Ils évoluent sans cesse et de nouveaux radio-pharmaceutiques arrivent sur le marché pour cibler les tumeurs. De nouvelles thérapies font leur apparition, telles que la curiethérapie vectorisée par anticorps : elle consiste à fabriquer des anticorps dédiés à la lutte contre des substances précises s’exprimant à la surface des cellules cancéreuses. Ces anticorps, chargés d’un produit radioactif, vont s’accrocher sur les cellules cibles et délivrer le produit radioactif. Dans l’alpha-immunothérapie, on charge les anticorps d’émetteurs alpha, très puissants ; en quelques heures, ces derniers se désintègrent en émettant une particule alpha qui a une chance sur deux de traverser, donc de tuer, la cellule cancéreuse… C’est l’artillerie lourde de la curiethérapie, une véritable bombe radioactive !
Ces techniques engendrent, à des degrés divers, des risques de contamination. Comment sont-ils pris en compte dans les services hospitaliers ?
C’est une préoccupation constante et les services de médecine nucléaire disposent de personnels dédiés à cette question (radio-pharmacien, radio-physicien, chargés de la radioprotection des patients et des personnels…). Leurs efforts portent en priorité sur les patients. D’abord, tout examen ou traitement doit être médicalement justifié, le bénéfice de l’acte devant être largement supérieur au risque qu’il implique. Les doses délivrées sont généralement très faibles pour le diagnostic, plus fortes pour les traitements, mais toujours au niveau le plus bas possible. Les patients sont informés des précautions à prendre pour éviter une contamination de son entourage.
Le personnel est, lui aussi, étroitement surveillé. Chaque médecin ou manipulateur porte en permanence un dosimètre et est astreint à une surveillance régulière (analyse d’urine, comptage de la thyroïde, anthropogammamétrie). L’environnement hospitalier (pièces, matériel) est contrôlé de près. Les manipulations de produits radioactifs se font dans une enceinte en plomb – qui peut être doublée pour ceux dont le rayonnement est très pénétrant, comme l’iode-131. Si, malgré ces précautions, une trace de radioactivité est découverte, l’alerte est donnée et conduit à une remise en question collective.

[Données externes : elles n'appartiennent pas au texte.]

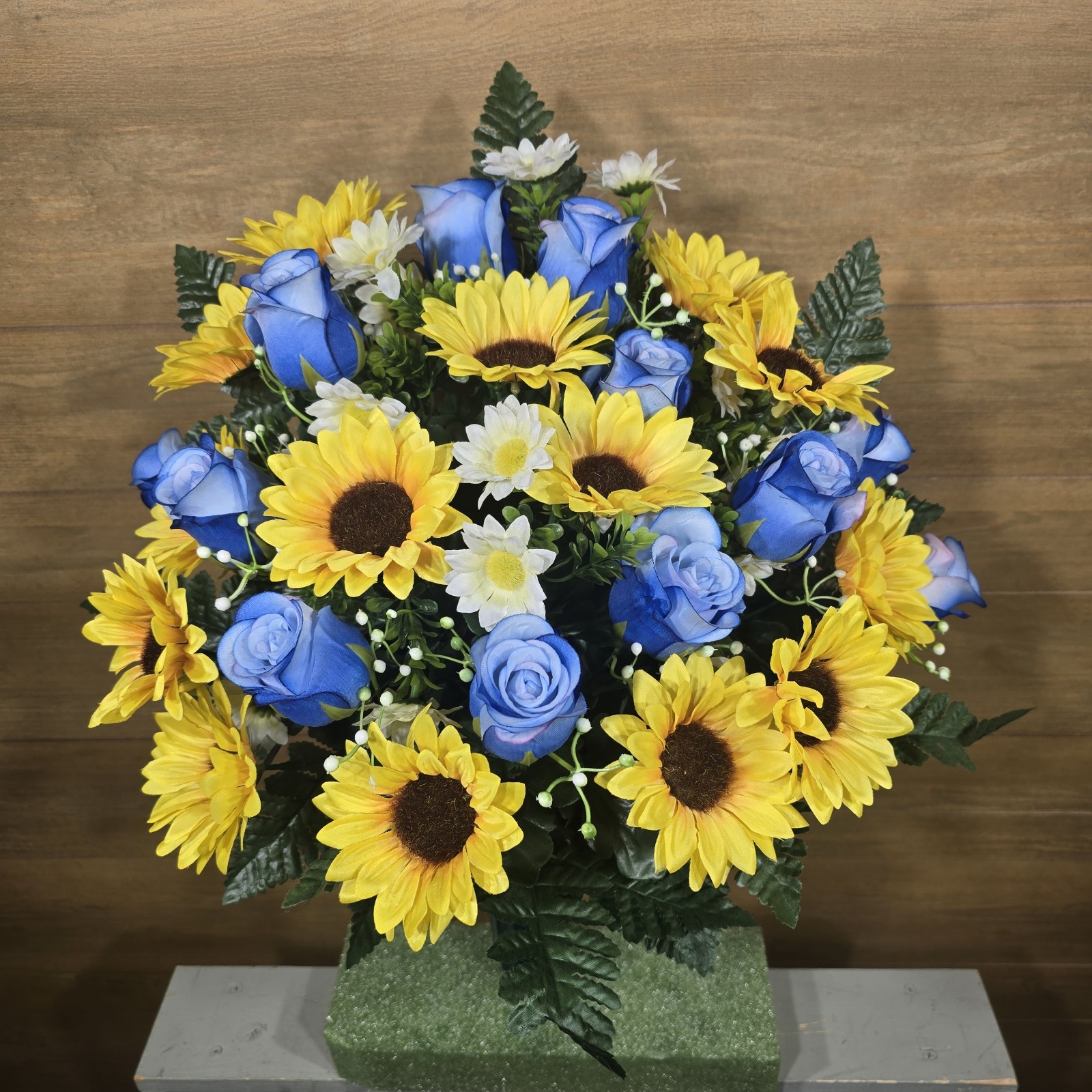 SUNFLOWER CEMETERY VASE MEMORIAL DECORATION WITH BLUE ROSEBUDS AND SUNFLOWERS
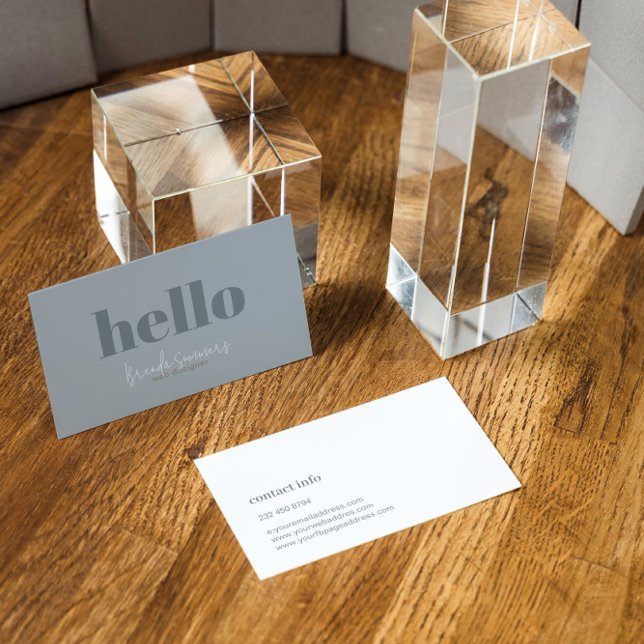 Simple Modern Blue Gray and White Reversible  Business Card (Creator Uploaded)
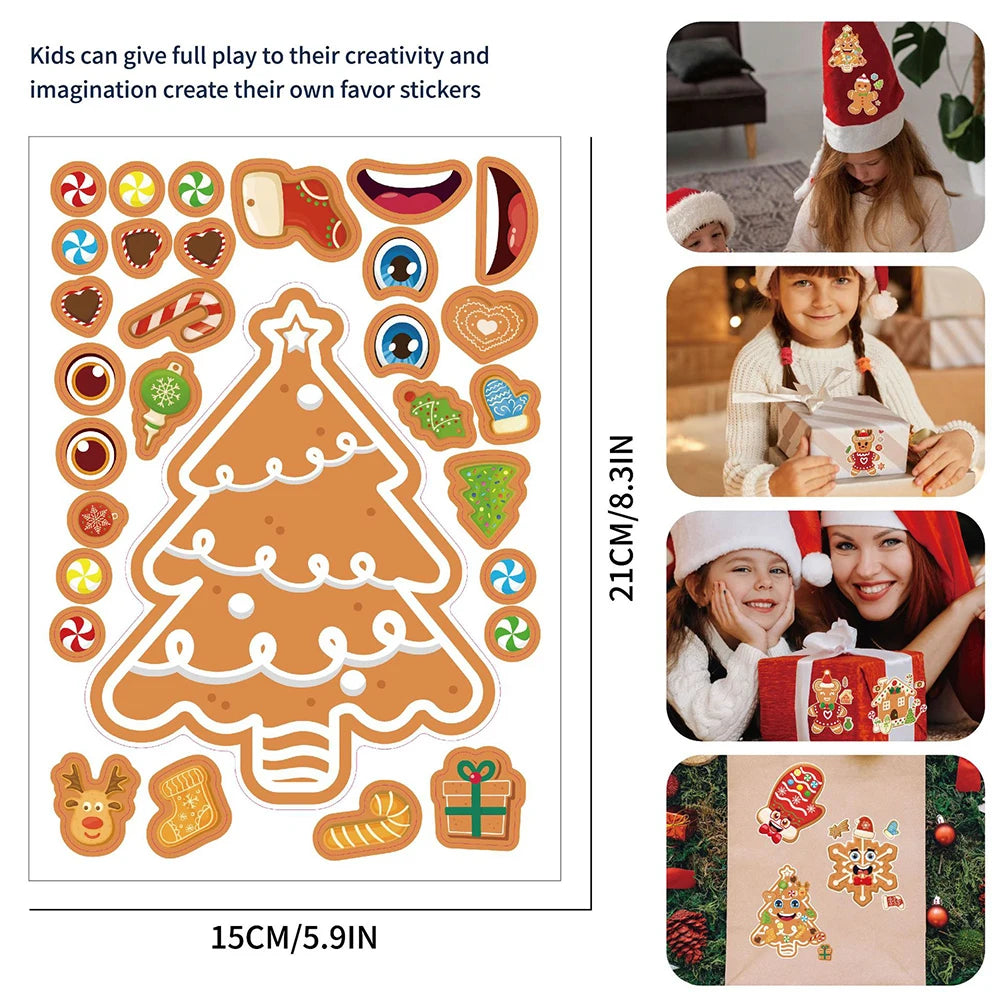 Christmas Make-a-Face Puzzle Stickers, 12 Sheets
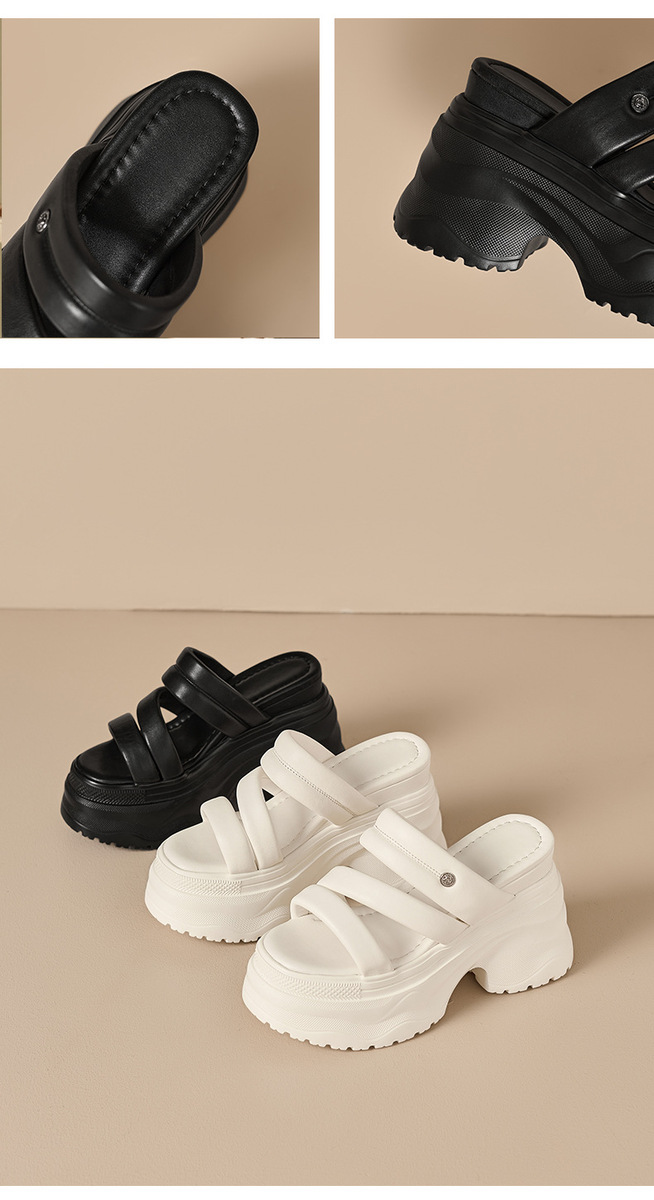 Sandal nữ quai ngang da bò đế dày gót 9cm tăng chiều cao, mũi tròn hở ngón phong cách năng động — màu đen, Màu trắng ngà-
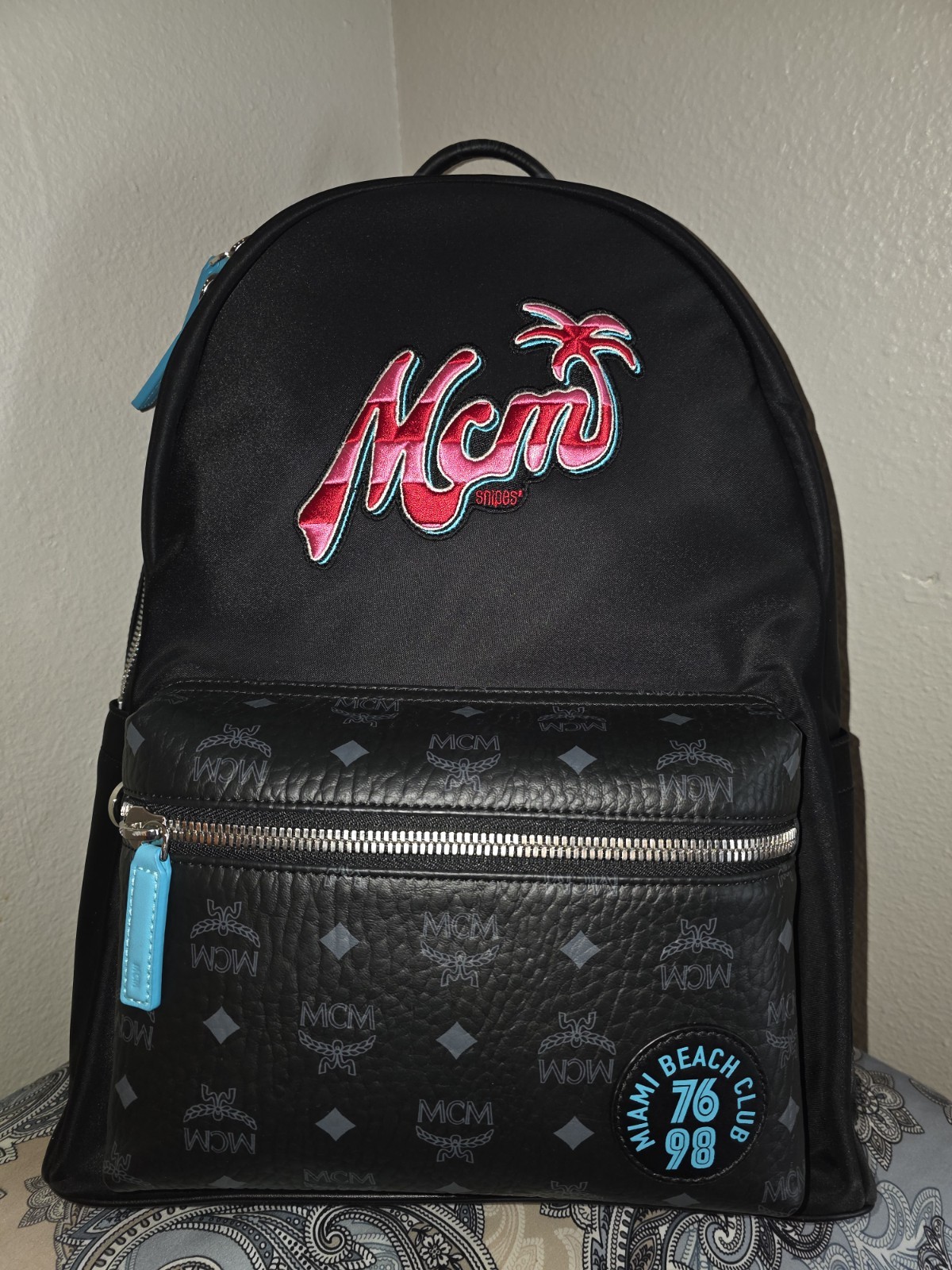 MCM Medium Stark Black Blue Red Pink Nylon Leather Backpack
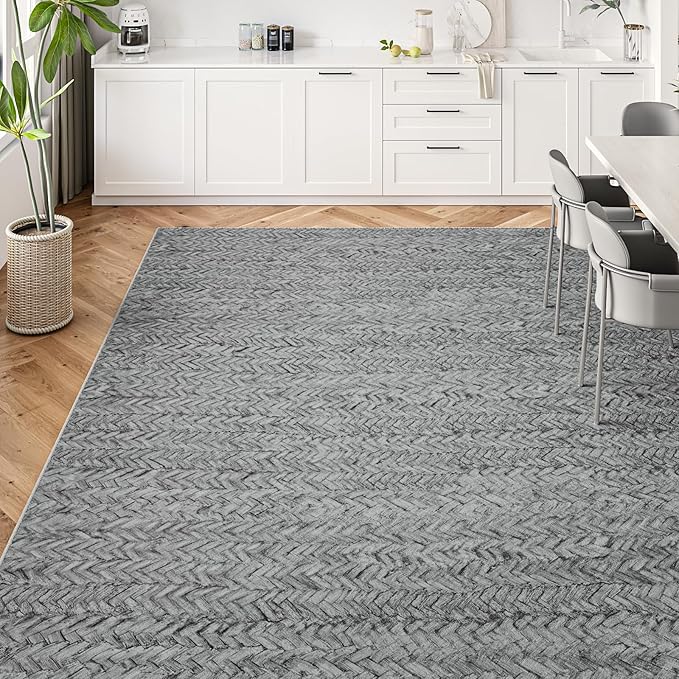 Eleisa Modern Vintage 9x12 Herringbone Chevron Area Rug, Non-Slip Stain Resistant Washable Rug, Light Grey Large Rug for Living Room, Farmhouse Carpet for Bedroom, Kitchen, Dining Room, Home Office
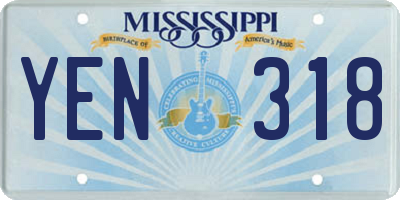 MS license plate YEN318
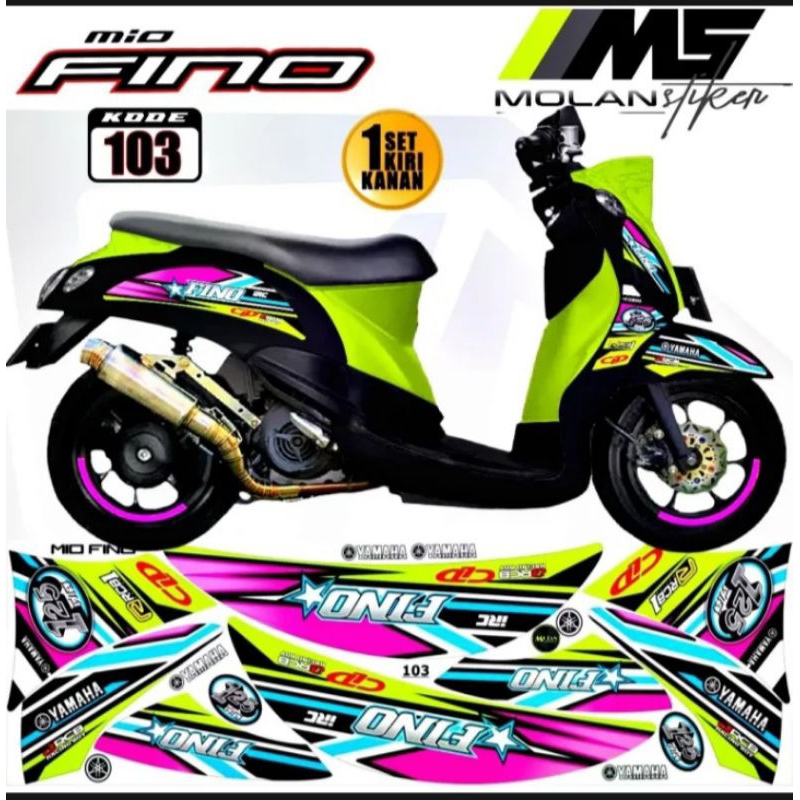 สติกเกอร์คาร์บูเรเตอร์ 110 2012-2013 Fino Ps Fino S Yamaha Fino 115 103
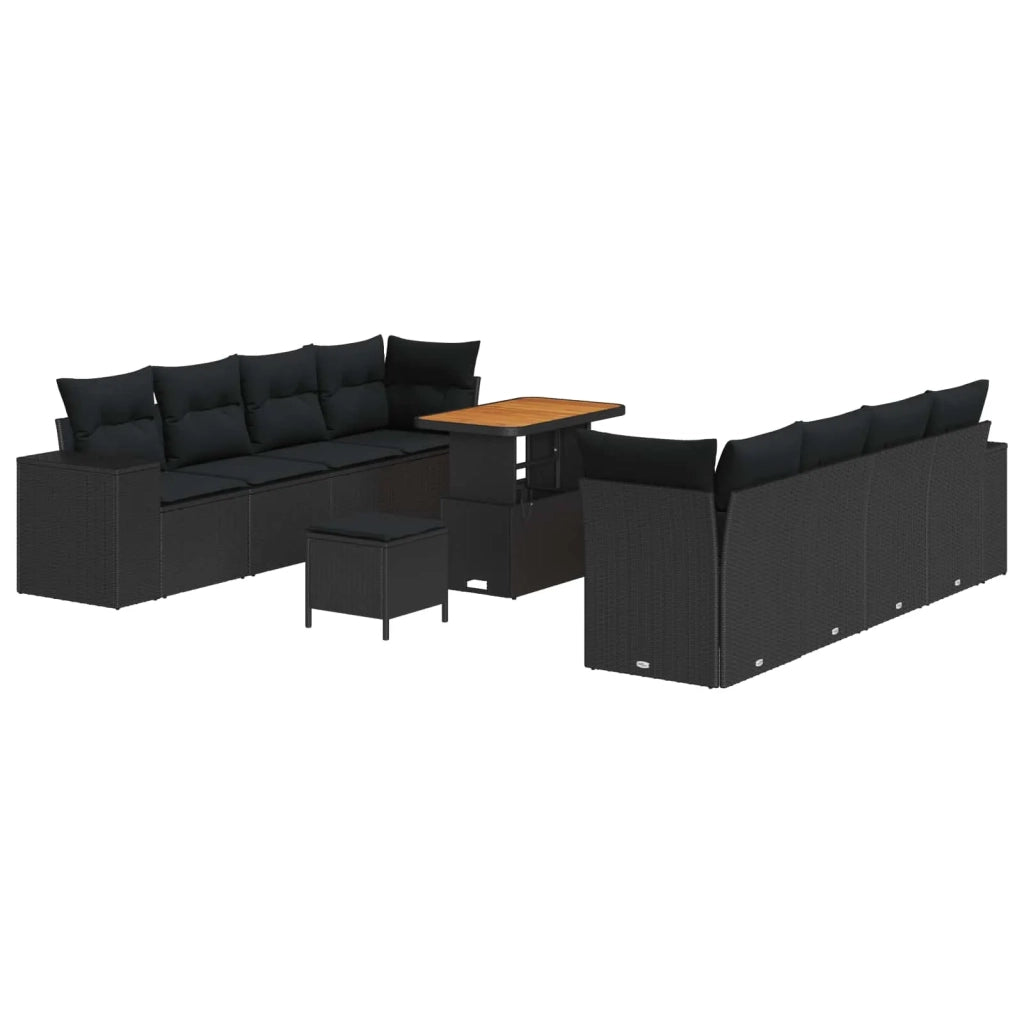 Set Divano da Giardino con cuscino 11 pcs Nero polyrattan 3363929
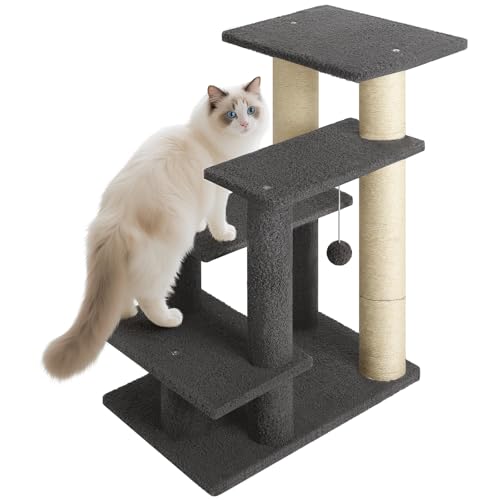 4-Step Pet Steps for Cats/Dogs, Cat Stairs with Sisal Scratching Post, Cat Steps for Older Cats with Enlarge Perch, Pet Stairs for High Bed and Couch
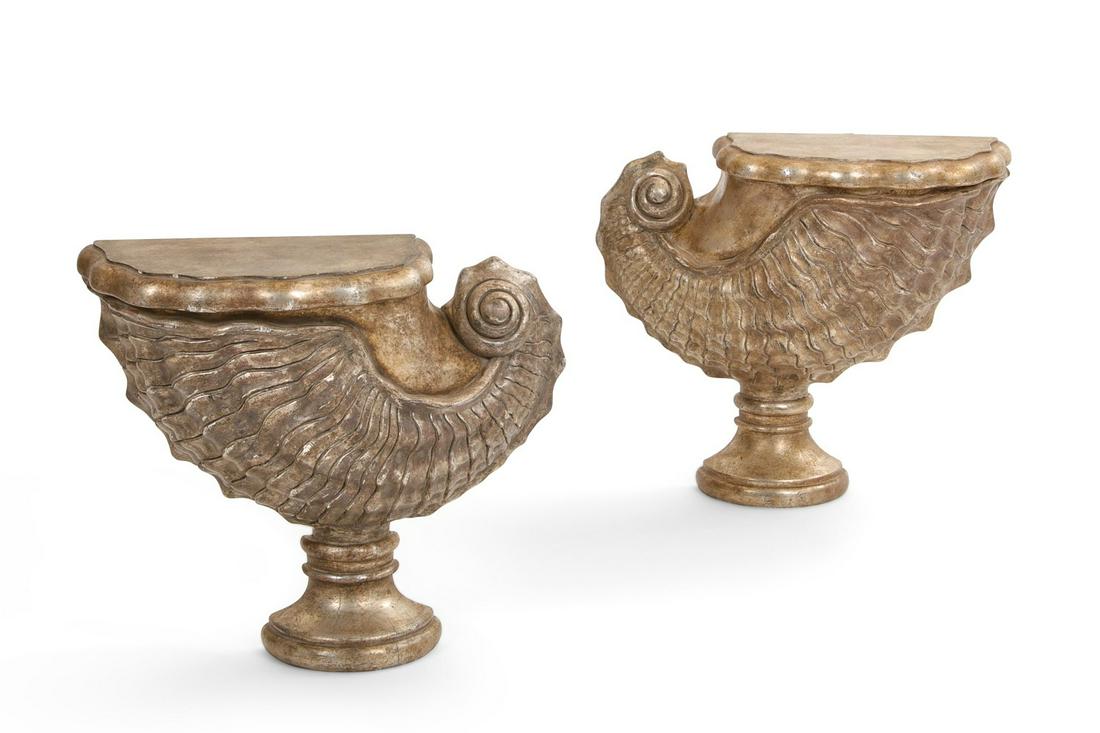 Pair of Venetian Rococo Grotto style wall brackets (1 of 3)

Quel rapport les professionnels de santé entretiennent-ils avec la réglementation en la matière ?
Les règles édictées par les autorités de sûreté nous semblent souvent déconnectées de la réalité. Les professionnels de santé ont le sentiment d’être contrôlés par des gens qui ne connaissent pas bien l’aspect médical du nucléaire et se réfugient dans le formalisme et une inflation réglementaire dont l’utilité n’est pas évidente. Les équipes médicales travaillent en flux tendu et il peut arriver, par manque de temps, que certaines procédures formelles ou administratives ne puissent être accomplies. Mais les personnels ont conscience des enjeux puisqu’ils sont en première ligne, mobilisés sur la question au quotidien et impliqués dans l’élaboration des mesures de prévention. Nous aurions, en France, beaucoup plus à gagner à accueillir des spécialistes d’autres pays, qui nous enrichiraient de leurs propres pratiques, plutôt que de nous réfugier dans un formalisme chronophage, coûteux et inefficace. La radioprotection doit être quelque chose de vivant, qui se pratique et évolue au jour le jour, à partir des expériences de terrain.